Rezension

Sollte man jemanden im Zug ansprechen?

Das Glück in vollen Zügen - Lisa Kirsch

Das Glück in vollen Zügen
von Lisa Kirsch

Bewertet mit 4.5 Sternen

Die Mittdreißiger Marie und Jo pendeln jeden Tag 2 Stunden von Herrsching am Ammersee nach München zur Arbeit. Beide sind noch auf der Suche nach der großen Liebe und da begegnen sie sich im Zug, doch niemand wagt den ersten Schritt. Bis sie sich aus den Augen verlieren...

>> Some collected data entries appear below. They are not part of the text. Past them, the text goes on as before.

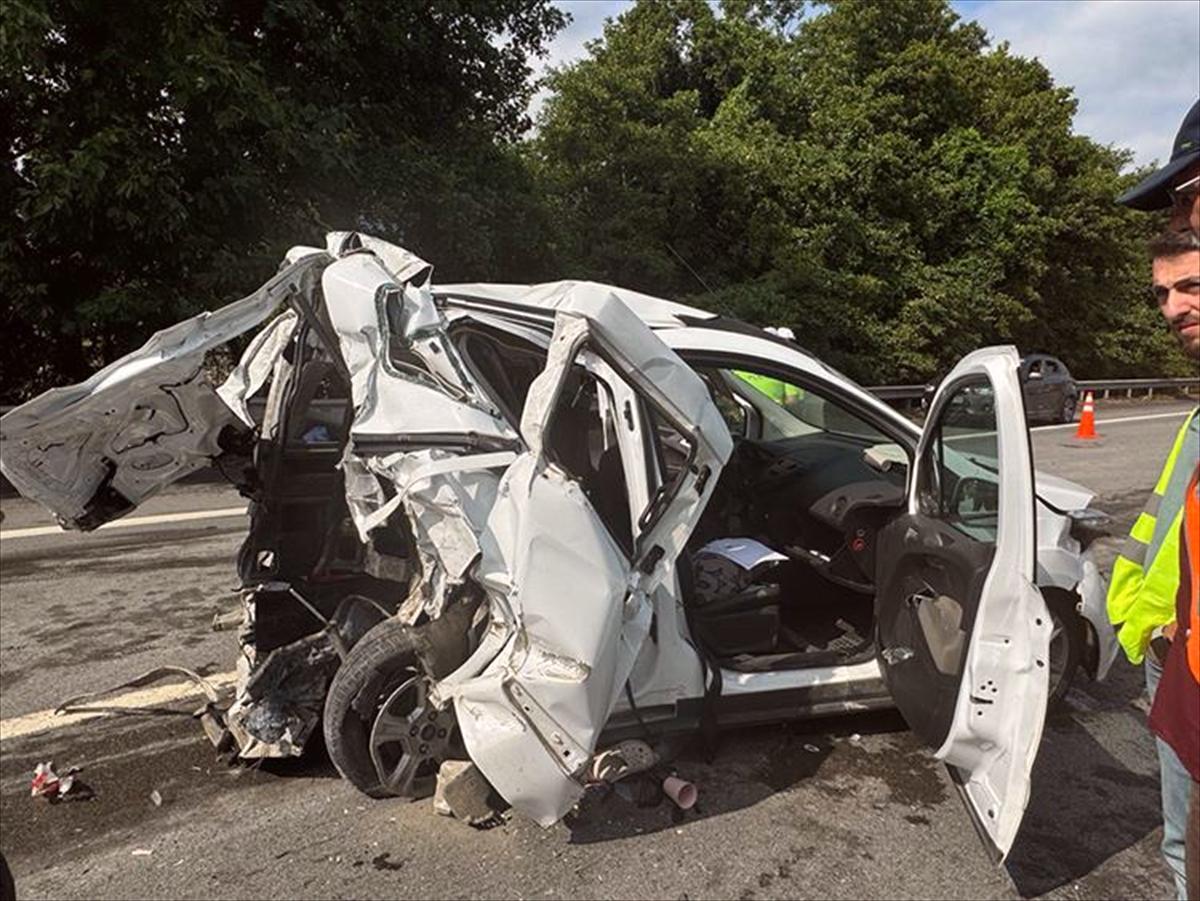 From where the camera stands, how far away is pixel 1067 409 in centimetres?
1738

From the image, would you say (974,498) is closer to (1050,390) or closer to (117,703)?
(117,703)

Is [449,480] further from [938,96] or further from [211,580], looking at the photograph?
[938,96]

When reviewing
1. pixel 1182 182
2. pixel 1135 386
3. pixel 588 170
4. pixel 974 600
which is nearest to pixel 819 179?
pixel 588 170

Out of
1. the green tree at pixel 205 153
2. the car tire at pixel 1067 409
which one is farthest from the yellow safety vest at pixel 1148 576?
the car tire at pixel 1067 409

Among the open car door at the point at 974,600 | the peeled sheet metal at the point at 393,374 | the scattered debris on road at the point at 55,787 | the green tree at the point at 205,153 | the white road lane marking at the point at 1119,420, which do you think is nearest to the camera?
the open car door at the point at 974,600

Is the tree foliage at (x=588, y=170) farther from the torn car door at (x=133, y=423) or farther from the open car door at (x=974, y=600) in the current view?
the open car door at (x=974, y=600)

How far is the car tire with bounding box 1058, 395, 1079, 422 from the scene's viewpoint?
17.2 meters

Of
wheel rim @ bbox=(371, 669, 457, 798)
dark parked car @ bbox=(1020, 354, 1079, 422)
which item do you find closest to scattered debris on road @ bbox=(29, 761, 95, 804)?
wheel rim @ bbox=(371, 669, 457, 798)

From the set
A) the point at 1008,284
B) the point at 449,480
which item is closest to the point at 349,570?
the point at 449,480

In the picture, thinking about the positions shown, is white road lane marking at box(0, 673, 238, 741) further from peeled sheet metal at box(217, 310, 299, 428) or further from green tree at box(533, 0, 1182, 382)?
green tree at box(533, 0, 1182, 382)

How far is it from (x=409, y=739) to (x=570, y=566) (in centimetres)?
107

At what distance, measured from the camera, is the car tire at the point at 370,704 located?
2.98m

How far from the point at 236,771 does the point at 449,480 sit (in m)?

Während die Freunde der Mittdreißiger sich alle beruflich selbstständig machen und Kinder bekommen, haben die Protagonisten Marie und Jo ihr eigenes Päckchen zu tragen. Beide mussten wieder nach Hause zu ihren Eltern ziehen, was ihnen eigentlich gar nicht behagt. Wünschten sie sich doch beide Karriere zu machen und dann eine eigene Familie zu gründen. Doch Maries Vater ist verstorben und nun möchte sie ihre Mutter unterstützen, die ganz alleine in ihrem großen Haus am Ammersee lebt. Und auch Jo ist wieder zurück nach Herrsching gekommen, da sein Vater dement wird und dringend Unterstützung braucht. Wie soll man da noch die große Liebe finden?

Jo weiß es, er tindert. Dabei hat er eine nette Frau per WhatsApp kennengelernt, doch die hat ihn plötzlich geghostet. Dann eines Tages steht sie an seiner S-Bahn-Haltestelle und er spricht sie einfach an, mit Schnittlauch von seinem Frühstück im Gesicht... Doch die rothaarige, sympathische Frau blockt ihn komplett ab, sie kennt ihn nicht. Jos Selbstbewusstsein schwindet, was stimmt nur nicht mit ihm? Kurz darauf entdeckt er Marie in der S-Bahn. Eine blond gelockte Frau etwa in seinem Alter, die sich in der Bahn umzieht. Von der Ökotante in Birkenstocks verwandelt sie sich urplötzlich in eine knallhart aussehende Geschäftsfrau. Sein Interesse ist geweckt, doch er spricht sie nicht an. Jo ist Marie ebenfalls aufgefallen, aber sie hat ihre ganz eigenen Probleme. Ihre Hündin Dexter bekommt Junge, der neue Freund ihrer Mutter ist einfach nur ätzend, ihre beste Freundin Katja bekommt ein Kind und ihr Traum von eigenen Kindern wird wohl einer bleiben. Und trotzdem findet sie Jo interessant und beobachtet ihn seit jetzt in der Bahn. Jo will Marie immer wieder ansprechen, aber immer kommt etwas dazwischen. Dann taucht sie plötzlich mit der Gala im Zug auf, und sie!!! ist darin engumschlungen mit dem reichen Münchener Schnösel Nepomuk Semmelhuber abgebildet. Sind sie gar verlobt? Immer scheint es so, als sei der ein oder andere verheiratet oder vergeben. Marie strickt Babymützchen und kauft Babygläschen...

Und dann sehen sie sich irgendwann nicht mehr. Es gilt herauszufinden, wie der andere heißt und wo er wohnt.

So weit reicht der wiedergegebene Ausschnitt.